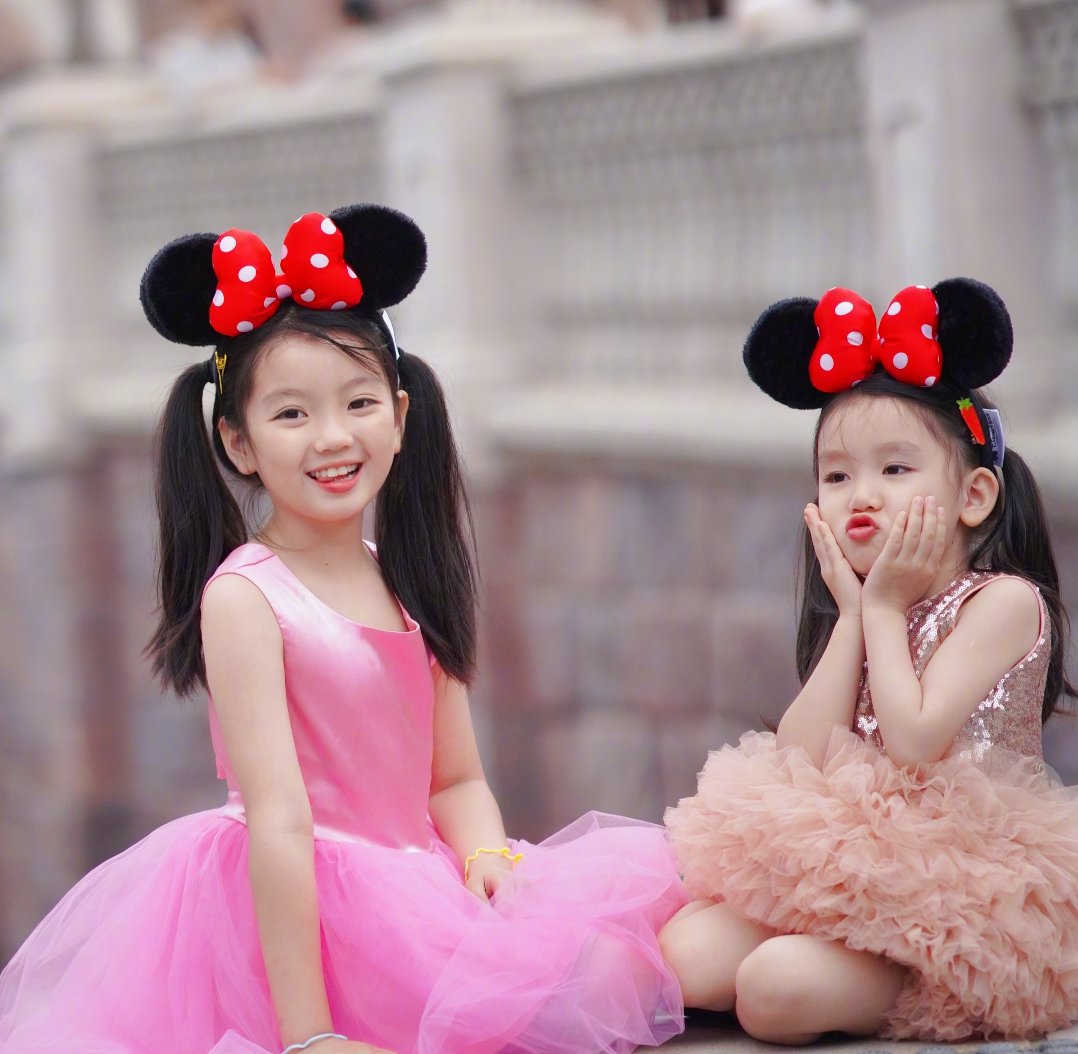 妹妹|9歲阿拉蕾帶妹妹出道，甘當陪襯不敢搶鏡頭，穿舊衣服更讓人心疼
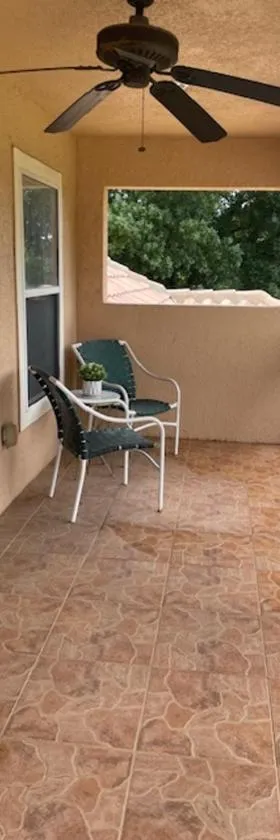 Quiet Lakeview Home in Wesley Chapel，位于卫斯理堂的酒店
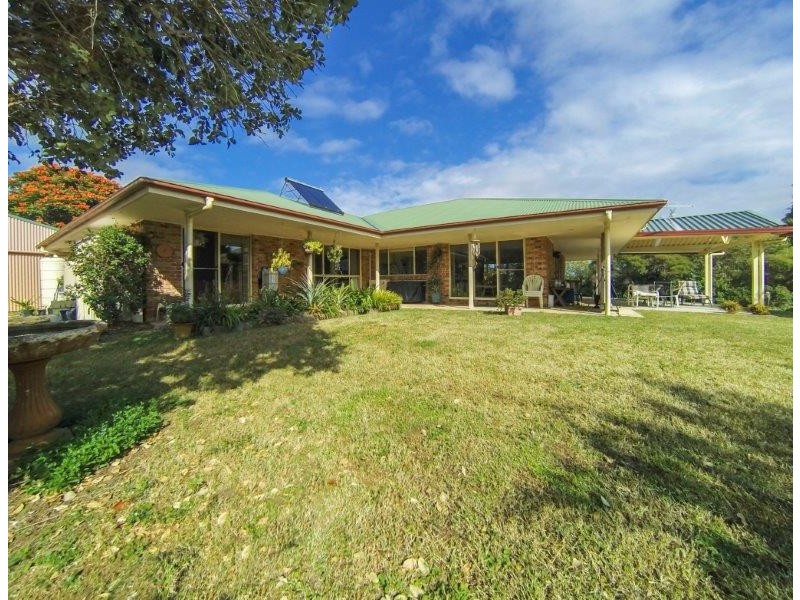 10 Carabeen Place, Mcleans Ridges NSW 2480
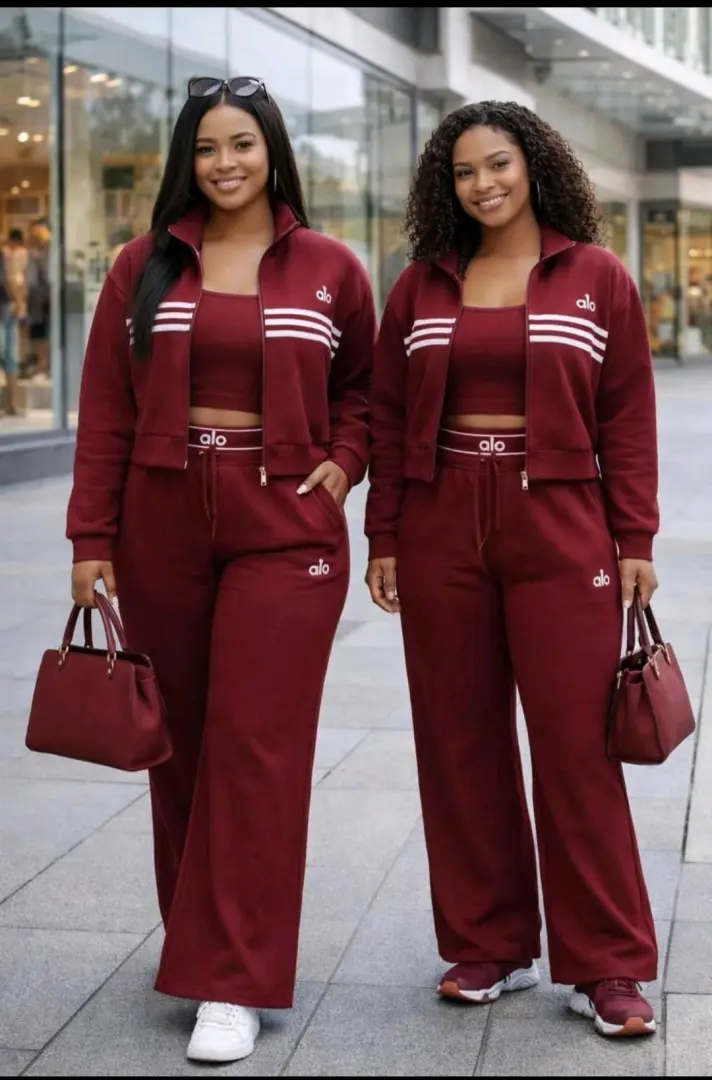 Alo Women's Tracksuits thumbnail 2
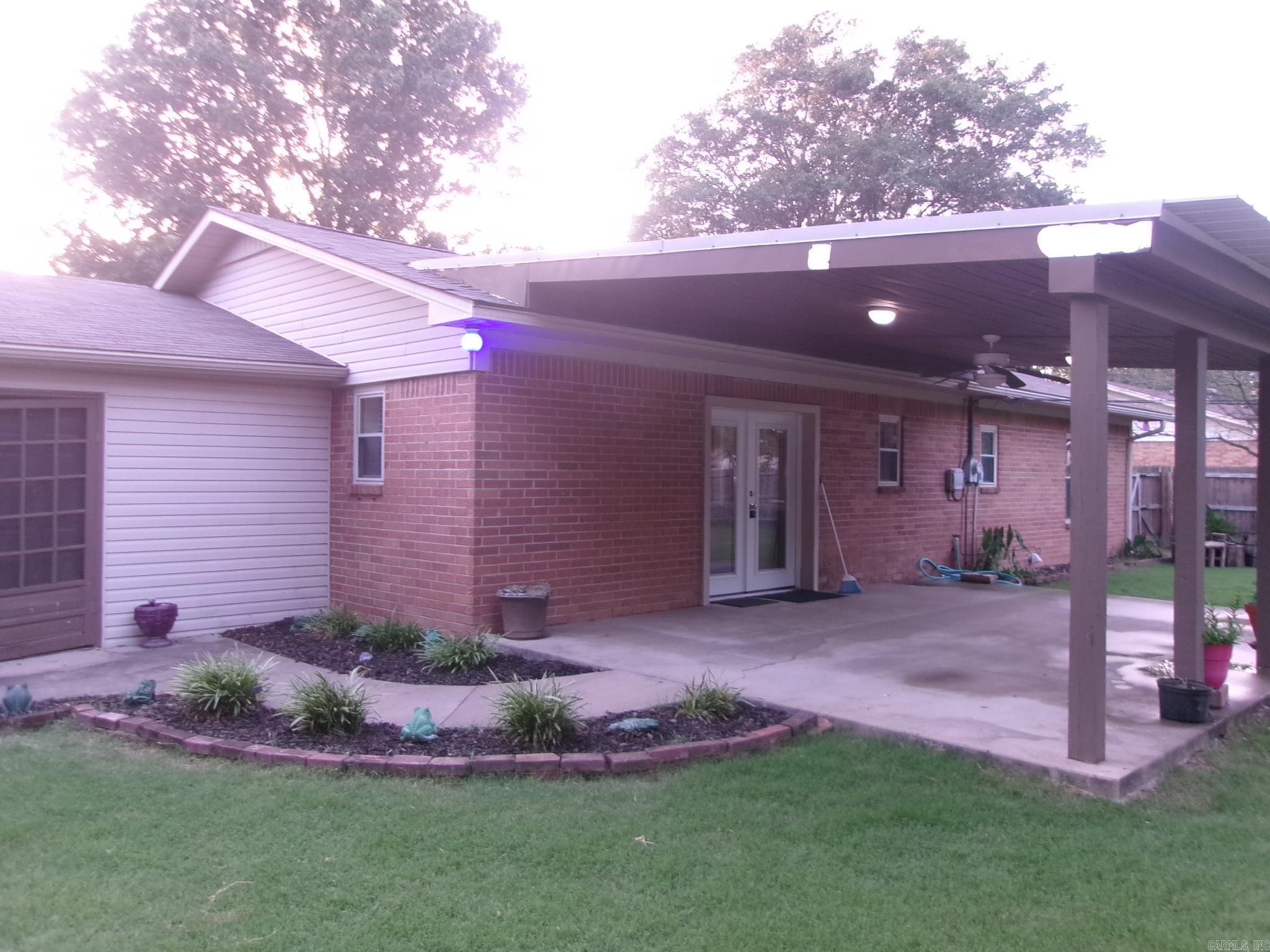 202 Arkansas St Property Photo 15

#####

**TASK STATEMENT**
Restate each line of the material word for word, skipping any picture.

**SOLUTION FOR THIS TASK**
 妹妹|9歲阿拉蕾帶妹妹出道，甘當陪襯不敢搶鏡頭，穿舊衣服更讓人心疼
 Quiet Lakeview Home in Wesley Chapel，位于卫斯理堂的酒店
 10 Carabeen Place, Mcleans Ridges NSW 2480
 Alo Women's Tracksuits thumbnail 2
 202 Arkansas St Property Photo 15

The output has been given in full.